MATERIAL FOR THE TASK -
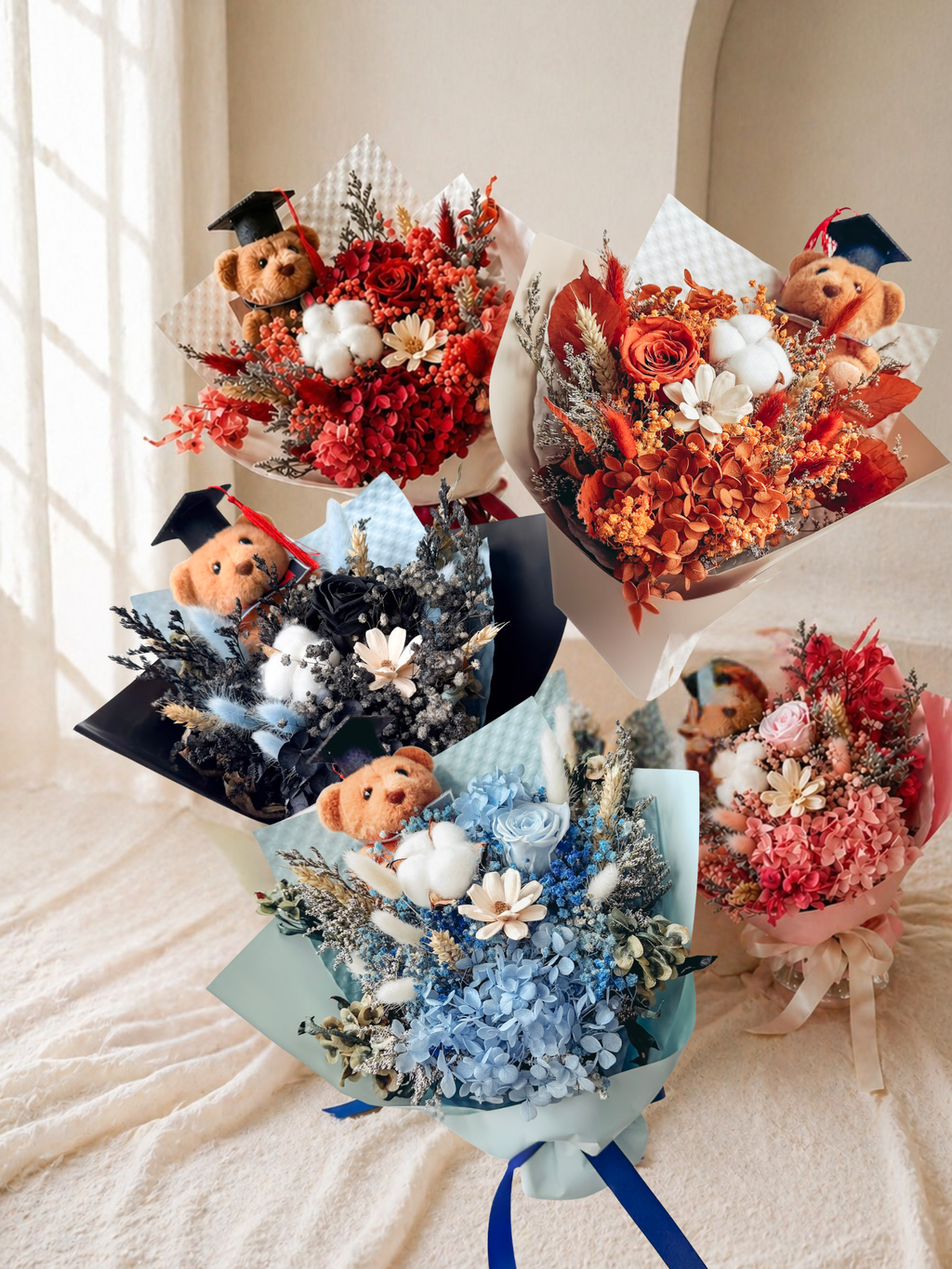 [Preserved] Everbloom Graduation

* * *

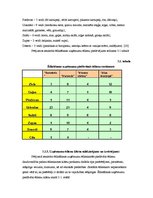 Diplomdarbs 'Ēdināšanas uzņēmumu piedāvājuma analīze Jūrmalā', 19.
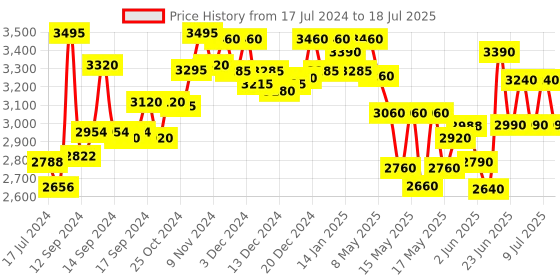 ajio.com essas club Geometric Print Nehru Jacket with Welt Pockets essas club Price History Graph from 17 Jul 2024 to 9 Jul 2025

TASK STATEMENT - Within the listing above, the lines starting at the one containing "Diplomdarbs 'Ēdināšanas uzņēmumu" and ending at the one containing "ajio.com essas club" are to be returned exactly. Omit the pictures.

ANSWER SPACE -
 Diplomdarbs 'Ēdināšanas uzņēmumu piedāvājuma analīze Jūrmalā', 19.
 ajio.com essas club Geometric Print Nehru Jacket with Welt Pockets essas club Price History Graph from 17 Jul 2024 to 9 Jul 2025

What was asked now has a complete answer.